#### Exercise
Transcribe the data as written, minus images.

#### Information provided
-- -- --
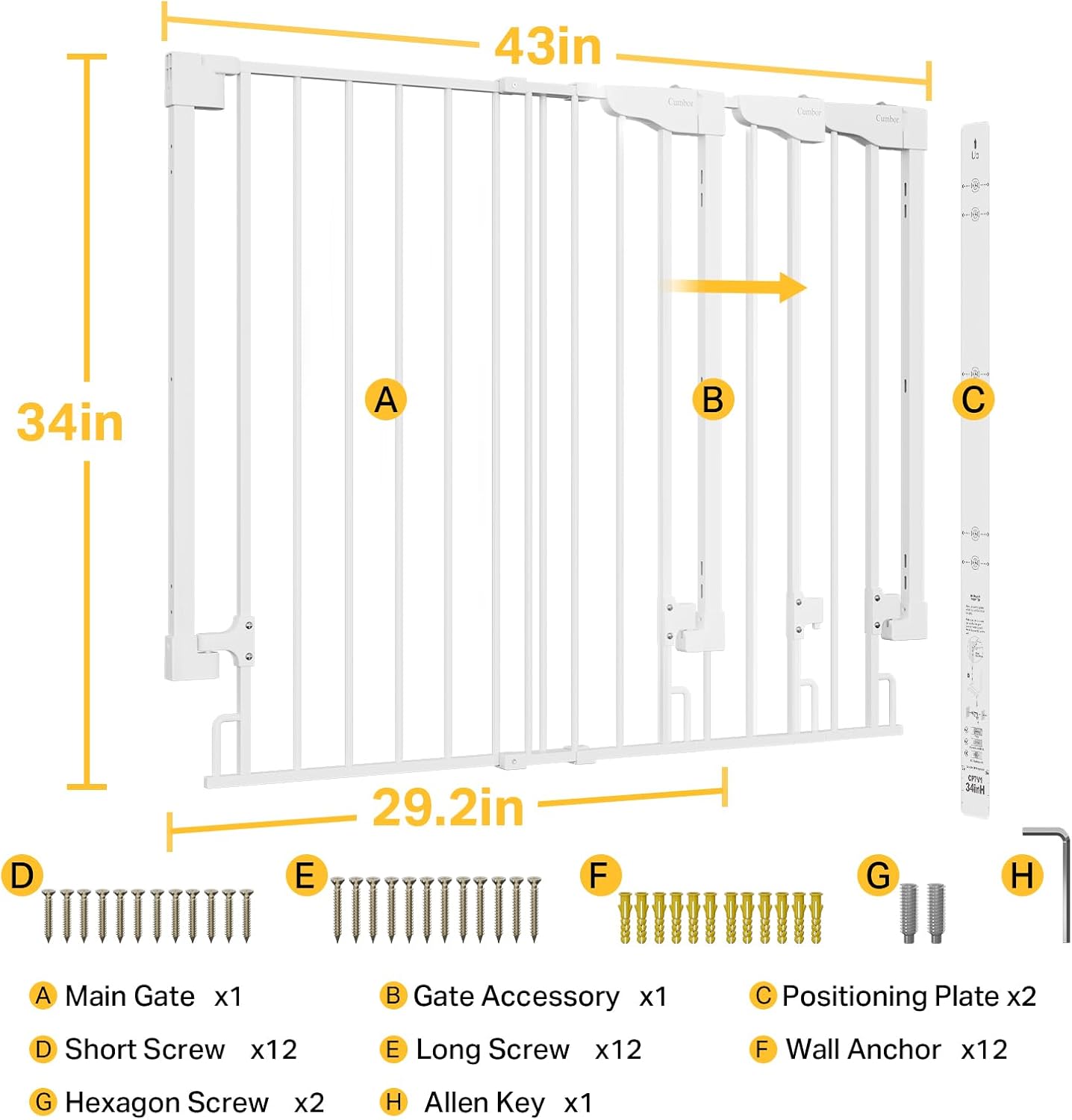 Cumbor | Safety Gate | No Bottom Bar | 34" x 29.2-43" | White - aborderproducts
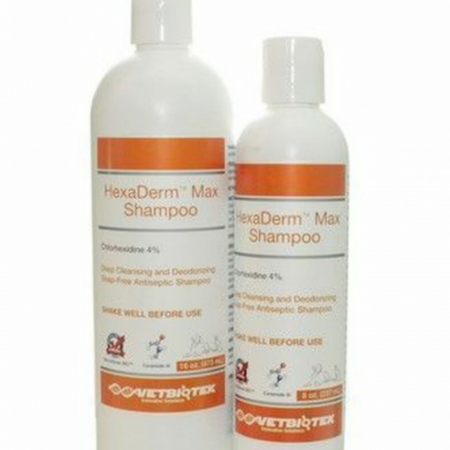Pisici - Sampon antiseptic pe baza de clorhexidina 4%, Hexaderm Max, VetBiotek, 474 ml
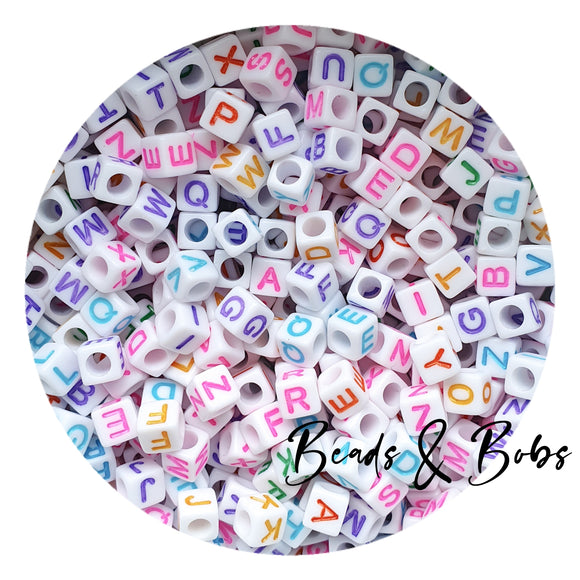 6mm Square Mixed Letters Spacer Beads - Pack of 50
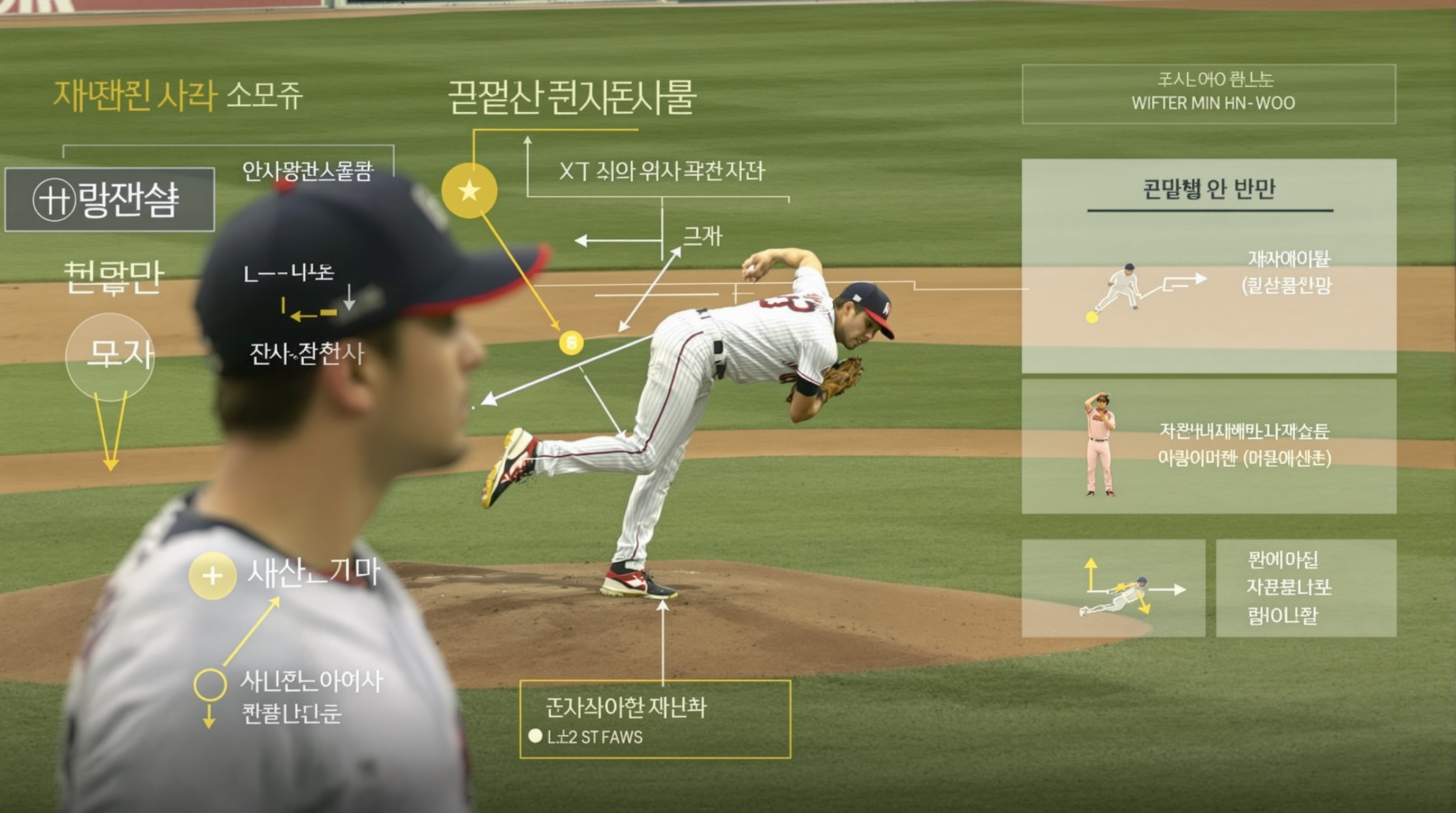 필드에서 투구 전략을 펼치는 김민우 선수의 자세와 그립 분석 장면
-- -- --
#### Solution below
 Cumbor | Safety Gate | No Bottom Bar | 34" x 29.2-43" | White - aborderproducts
Pisici - Sampon antiseptic pe baza de clorhexidina 4%, Hexaderm Max, VetBiotek, 474 ml
 6mm Square Mixed Letters Spacer Beads - Pack of 50
 필드에서 투구 전략을 펼치는 김민우 선수의 자세와 그립 분석 장면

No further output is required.